Top of Given records

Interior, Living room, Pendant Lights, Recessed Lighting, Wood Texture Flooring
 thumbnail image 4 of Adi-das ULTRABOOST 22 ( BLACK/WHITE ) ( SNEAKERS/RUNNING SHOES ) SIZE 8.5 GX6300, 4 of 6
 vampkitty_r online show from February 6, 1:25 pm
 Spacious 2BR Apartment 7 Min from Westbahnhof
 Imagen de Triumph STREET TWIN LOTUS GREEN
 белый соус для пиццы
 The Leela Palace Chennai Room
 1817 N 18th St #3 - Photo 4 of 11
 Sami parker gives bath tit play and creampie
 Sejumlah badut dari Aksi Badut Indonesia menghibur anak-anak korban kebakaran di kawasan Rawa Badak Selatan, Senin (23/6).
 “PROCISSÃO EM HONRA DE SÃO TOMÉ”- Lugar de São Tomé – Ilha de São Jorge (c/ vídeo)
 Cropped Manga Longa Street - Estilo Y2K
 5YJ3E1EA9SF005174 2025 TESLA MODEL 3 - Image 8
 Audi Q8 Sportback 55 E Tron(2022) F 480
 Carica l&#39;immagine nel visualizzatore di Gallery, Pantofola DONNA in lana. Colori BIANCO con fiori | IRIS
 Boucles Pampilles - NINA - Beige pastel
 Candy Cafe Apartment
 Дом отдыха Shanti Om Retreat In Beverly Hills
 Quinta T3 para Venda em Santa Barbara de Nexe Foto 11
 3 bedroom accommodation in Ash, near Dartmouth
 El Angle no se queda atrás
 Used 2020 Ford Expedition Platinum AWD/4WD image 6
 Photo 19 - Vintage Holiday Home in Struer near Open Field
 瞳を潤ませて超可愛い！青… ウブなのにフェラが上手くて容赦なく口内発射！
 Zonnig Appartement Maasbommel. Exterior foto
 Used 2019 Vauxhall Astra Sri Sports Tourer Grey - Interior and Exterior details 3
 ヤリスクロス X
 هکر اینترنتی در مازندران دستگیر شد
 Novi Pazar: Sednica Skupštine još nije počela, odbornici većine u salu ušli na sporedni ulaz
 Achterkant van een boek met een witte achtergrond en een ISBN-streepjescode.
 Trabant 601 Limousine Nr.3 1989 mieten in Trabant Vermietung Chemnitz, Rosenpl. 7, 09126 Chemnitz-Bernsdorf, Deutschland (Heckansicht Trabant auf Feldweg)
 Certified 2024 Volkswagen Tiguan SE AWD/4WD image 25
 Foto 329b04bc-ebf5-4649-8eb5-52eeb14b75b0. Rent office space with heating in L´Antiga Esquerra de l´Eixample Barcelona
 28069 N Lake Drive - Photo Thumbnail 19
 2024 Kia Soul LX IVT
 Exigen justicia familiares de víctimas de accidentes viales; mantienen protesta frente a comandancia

Bottom of Given records

## Task to complete
Print all the records exactly as written.

## Solved problem
Interior, Living room, Pendant Lights, Recessed Lighting, Wood Texture Flooring
 thumbnail image 4 of Adi-das ULTRABOOST 22 ( BLACK/WHITE ) ( SNEAKERS/RUNNING SHOES ) SIZE 8.5 GX6300, 4 of 6
 vampkitty_r online show from February 6, 1:25 pm
 Spacious 2BR Apartment 7 Min from Westbahnhof
 Imagen de Triumph STREET TWIN LOTUS GREEN
 белый соус для пиццы
 The Leela Palace Chennai Room
 1817 N 18th St #3 - Photo 4 of 11
 Sami parker gives bath tit play and creampie
 Sejumlah badut dari Aksi Badut Indonesia menghibur anak-anak korban kebakaran di kawasan Rawa Badak Selatan, Senin (23/6).
 “PROCISSÃO EM HONRA DE SÃO TOMÉ”- Lugar de São Tomé – Ilha de São Jorge (c/ vídeo)
 Cropped Manga Longa Street - Estilo Y2K
 5YJ3E1EA9SF005174 2025 TESLA MODEL 3 - Image 8
 Audi Q8 Sportback 55 E Tron(2022) F 480
 Carica l&#39;immagine nel visualizzatore di Gallery, Pantofola DONNA in lana. Colori BIANCO con fiori | IRIS
 Boucles Pampilles - NINA - Beige pastel
 Candy Cafe Apartment
 Дом отдыха Shanti Om Retreat In Beverly Hills
 Quinta T3 para Venda em Santa Barbara de Nexe Foto 11
 3 bedroom accommodation in Ash, near Dartmouth
 El Angle no se queda atrás
 Used 2020 Ford Expedition Platinum AWD/4WD image 6
 Photo 19 - Vintage Holiday Home in Struer near Open Field
 瞳を潤ませて超可愛い！青… ウブなのにフェラが上手くて容赦なく口内発射！
 Zonnig Appartement Maasbommel. Exterior foto
 Used 2019 Vauxhall Astra Sri Sports Tourer Grey - Interior and Exterior details 3
 ヤリスクロス X
 هکر اینترنتی در مازندران دستگیر شد
 Novi Pazar: Sednica Skupštine još nije počela, odbornici većine u salu ušli na sporedni ulaz
 Achterkant van een boek met een witte achtergrond en een ISBN-streepjescode.
 Trabant 601 Limousine Nr.3 1989 mieten in Trabant Vermietung Chemnitz, Rosenpl. 7, 09126 Chemnitz-Bernsdorf, Deutschland (Heckansicht Trabant auf Feldweg)
 Certified 2024 Volkswagen Tiguan SE AWD/4WD image 25
 Foto 329b04bc-ebf5-4649-8eb5-52eeb14b75b0. Rent office space with heating in L´Antiga Esquerra de l´Eixample Barcelona
 28069 N Lake Drive - Photo Thumbnail 19
 2024 Kia Soul LX IVT
 Exigen justicia familiares de víctimas de accidentes viales; mantienen protesta frente a comandancia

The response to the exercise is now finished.